A backdoor was found on a VMware ESXi virtualization server by Juniper Threat Labs. Reports say two vulnerabilities in the ESXi’s OpenSLP service, CVE-2019-5544 and CVE-2020-3992 have been the target of active in-the-wild attacks since 2019 on unpatched ESXi servers.
“Due to limited log retention on the compromised host we investigated, we can’t be sure which vulnerability allowed hackers access to the server”, mentions Juniper Threat Labs
A Custom Python Backdoor for VMWare ESXi Servers
A virtualization platform called VMware ESXi is frequently used in businesses to run several servers on a single device while more efficiently leveraging CPU and memory resources.
The system files for the host OS are kept in RAM and any changes are erased upon a reboot, whereas the virtual disc images for these VMs are kept on the ESXi’s physical disk.
One of the few ESXi files that survive between reboots and is run on startup is “/etc/rc.local.d/local.sh,” and the new Python backdoor adds seven lines to it. Researchers say by default, this file is empty other than comments explaining and discouraging its use.
Additional lines added on ESXi file
The system file /bin/hostd-probe.sh is automatically run when the system boots and the first seven lines inexplicably prepend one line of code to it.
One of those lines initiates a Python script saved as “/store/packages/vmtools.py” in a directory where VM disc images, log files, and other things are kept.
“While the Python script used in this attack is cross-platform and can be used with little or no modification on Linux or other UNIX-like systems, there are several indications that this attack was designed specifically to target ESXi”, Juniper Networks’ report.
Also, the name of the file and its location, /store/packages/vmtools.py, was chosen to raise little doubt on a virtualization host. Researchers say the file begins with a VMware copyright consistent with publicly available examples and is taken character-for-character from an existing Python file provided by VMware.

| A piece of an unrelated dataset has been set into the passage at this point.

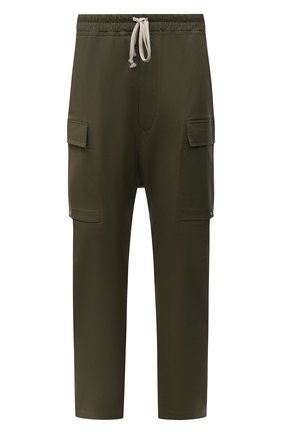 Мужские хлопковые брюки-карго RICK OWENS зеленого цвета по цене 81800 руб., арт. RU02A5379/TE | Фото 1 Мужские хлопковые брюки-карго RICK OWENS зеленого цвета, арт. RU02A5379/TE | Фото 1 (Материал внешний: Хлопок; Длина (брюки, джинсы): Укороченные; Случай: Повседневный; Силуэт М (брюки): Карго; Стили: Милитари)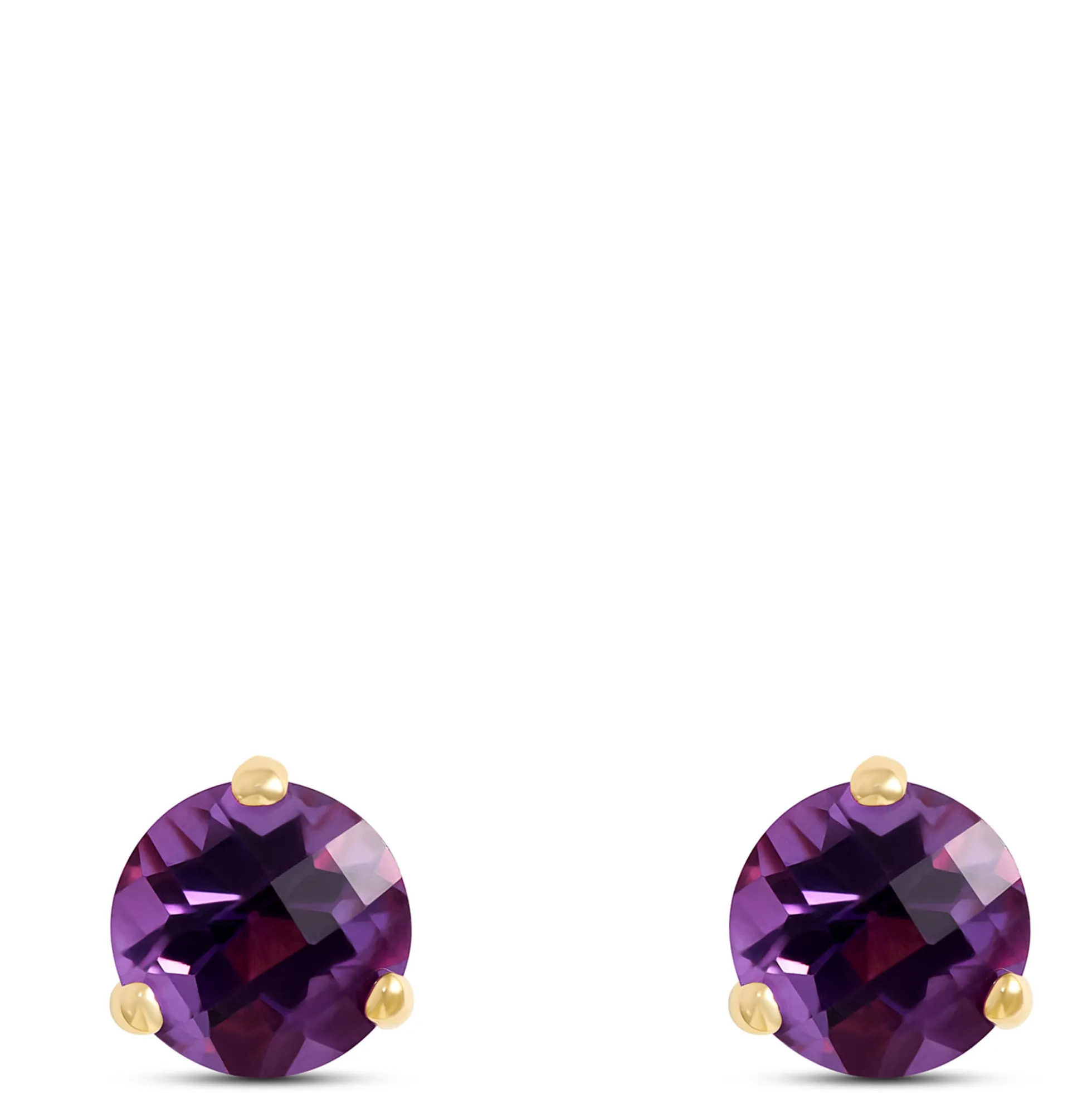 Classic Round Amethyst Studs, 14K Yellow Gold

The script launches a web server that accepts password-protected POST requests from the remote threat actors. Thus, these requests may send the host a reverse shell command payload that is base-64 encoded.
Further, to bypass firewall restrictions or circumvent poor network connectivity, the reverse shell enables the compromised server to start communication with the threat actor.
A reverse shell is a terminal session that is running on the compromised machine, but it is “reversed” in that it establishes the network connection.
“Using a reverse shell can bypass firewall restrictions and works even when the compromised machine is not directly accessible from the internet”, researchers
Changes to the ESXi reverse HTTP proxy configuration to enable remote access to communicate with the planted webserver was one of the threat actors’ actions that Juniper’s analysts noted.
Hence, any changes made to the “/etc/vmware/rhttpproxy/endpoints.conf” file used to set up this new configuration are persistent because it is also backed up and restored after a reboot.
Apply every vendor patch.
Restrict incoming network connections to trusted hosts.
Check for the existence of the files mentioned above, either their existence or their contents. Local. sh should only include comments and an exit statement by default.
Verify all modified persistent system files for unexpected changes.